There are many definitions of belief (and of knowledge etc.) and it is vain to search for the 'correct' one. Definitions are conventions and can only be useful, consistent, persuasive, and the like, but not correct. Your dictionary definition equates believing with regarding something as true. This narrows beliefs to true beliefs. There are other types of beliefs, only one type is related to truth.

In the paper to which I linked, Peirce makes the following statement:

"The irritation of doubt is the only immediate motive for the struggle to attain belief. It is certainly best for us that our beliefs should be such as may truly guide our actions so as to satisfy our desires; and this reflection will make us reject every belief which does not seem to have been so formed as to insure this result. But it will only do so by creating a doubt in the place of that belief. With the doubt, therefore, the struggle begins, and with the cessation of doubt it ends.

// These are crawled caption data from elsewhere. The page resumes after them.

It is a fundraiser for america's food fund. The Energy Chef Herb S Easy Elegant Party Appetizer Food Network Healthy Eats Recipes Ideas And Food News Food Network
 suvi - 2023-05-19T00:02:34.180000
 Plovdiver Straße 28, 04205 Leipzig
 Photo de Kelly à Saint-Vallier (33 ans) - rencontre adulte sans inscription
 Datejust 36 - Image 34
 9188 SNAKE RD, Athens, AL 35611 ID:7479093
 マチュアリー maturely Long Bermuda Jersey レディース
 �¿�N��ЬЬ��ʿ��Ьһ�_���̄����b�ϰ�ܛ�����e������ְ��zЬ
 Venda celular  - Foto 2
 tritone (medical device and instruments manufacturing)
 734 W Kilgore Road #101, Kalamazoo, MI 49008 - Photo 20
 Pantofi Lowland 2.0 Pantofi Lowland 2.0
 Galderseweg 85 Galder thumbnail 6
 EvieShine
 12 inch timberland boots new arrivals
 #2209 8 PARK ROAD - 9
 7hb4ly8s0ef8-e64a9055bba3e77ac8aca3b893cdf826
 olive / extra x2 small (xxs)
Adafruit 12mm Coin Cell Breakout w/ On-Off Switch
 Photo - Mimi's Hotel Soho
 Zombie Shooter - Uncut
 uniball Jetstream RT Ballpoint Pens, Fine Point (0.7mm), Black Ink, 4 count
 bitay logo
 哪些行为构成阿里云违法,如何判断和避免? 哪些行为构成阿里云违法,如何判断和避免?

Hence, the sole object of inquiry is the settlement of opinion. We may fancy that this is not enough for us, and that we seek, not merely an opinion, but a true opinion. But put this fancy to the test, and it proves groundless; for as soon as a firm belief is reached we are entirely satisfied, whether the belief be true or false."

Peirce assumes that we strive to achieve belief and overcome doubt, mainly because the latter is paralyzing action. At this level it is not important if belief is true or not. He discusses four methods of achieving belief (tenacity, authority, a priori reasoning, and science) of which only science aims to provide true beliefs. He thinks true beliefs will enhance our capacity of action. But he sees merit and force in the other types of belief as well.

Mr Heller (again):

It is one thing to say we cannot know the future. It is another thing claiming to follow a skeptical way of life, i.e. not believing anything (because of fear of being seen as religious, as you indicate). As Peirce makes clear in his piece, such fear would be irrational, and it would make social action impossible.

You claim
"that 1deg temperature change is irrelevant" – ‘I never said that. I said, it has been irrelevant in the past. ‘

You only give a half truth about your reply. Here is the other:

“So, if future depends on the presence and on the past, why should any change of the temperature be relevant in the future?”

Peter Heller said...

@ Grundmann:

Englisch ist irgendwie nicht meins. Deswegen ein kurzer Zwischenruf auf deutsch:

“So, if future depends on the presence and on the past, why should any change of the temperature be relevant in the future?”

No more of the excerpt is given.